General and administrative expenses rose during the period due to professional services and IT charges tied to ongoing technology and data initiatives, as well as costs linked to revenue growth including recruiter fees and expenses to support both organic and acquisition-driven expansion, the company said.
Adjusted EBITDAC rose 2.9% to $222.3 million from $216.0 million in the prior-year quarter, while the adjusted EBITDAC margin was 29.6%, down from 32.6% a year earlier. Adjusted diluted earnings per share remained flat at $0.45.
Read more: Ryan reshapes leadership after rebrand
The international specialty insurance intermediary posted organic revenue growth of 6.6% for the quarter, down from 11.0% in the prior-year period.
Timothy W. Turner, chief executive officer, said the company is "continuing to absorb" significant talent and technology investments made in the fourth quarter as it moves into 2026.

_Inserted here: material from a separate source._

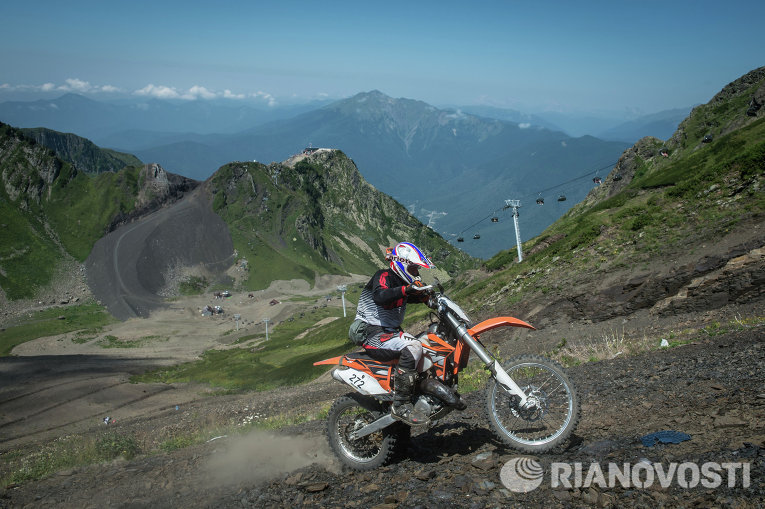 Мотоциклист финиширует на высоте 2200 метров на открытом чемпионате Сочи по эндуро на курорте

The firm also announced a new three-year restructuring program called "Empower" aimed at streamlining operations.
For the full year 2025, Ryan Specialty recorded revenue of $3.05 billion, up 21.3% from $2.52 billion in 2024. Organic revenue growth for the year was 10.1%, compared with 12.8% in the prior year.
Adjusted EBITDAC climbed 19.2% to $966.7 million from $811.2 million in the prior year. Adjusted diluted earnings per share increased 9.5% to $1.96 from $1.79.
Patrick G. Ryan (pictured above), founder and executive chairman, said the company achieved its seventh consecutive year of 20% or higher total revenue growth. He noted that five acquisitions completed during the year added more than $125 million in annualized revenue.
In December 2025, the firm rebranded its North American Professional Liability team as Ryan Financial Lines, marking a strategic expansion of its financial lines capabilities. The rebranding included the establishment of a London office to provide cross-border financial lines coverage.
The company returned $88.1 million to stockholders and LLC unit holders through regular dividends and distributions during 2025. The board authorized a $300 million share repurchase program.
Ryan Specialty issued guidance for fiscal 2026, projecting organic revenue growth in the high single digits. The company expects its adjusted EBITDAC margin to be flat to moderately down compared with 2025.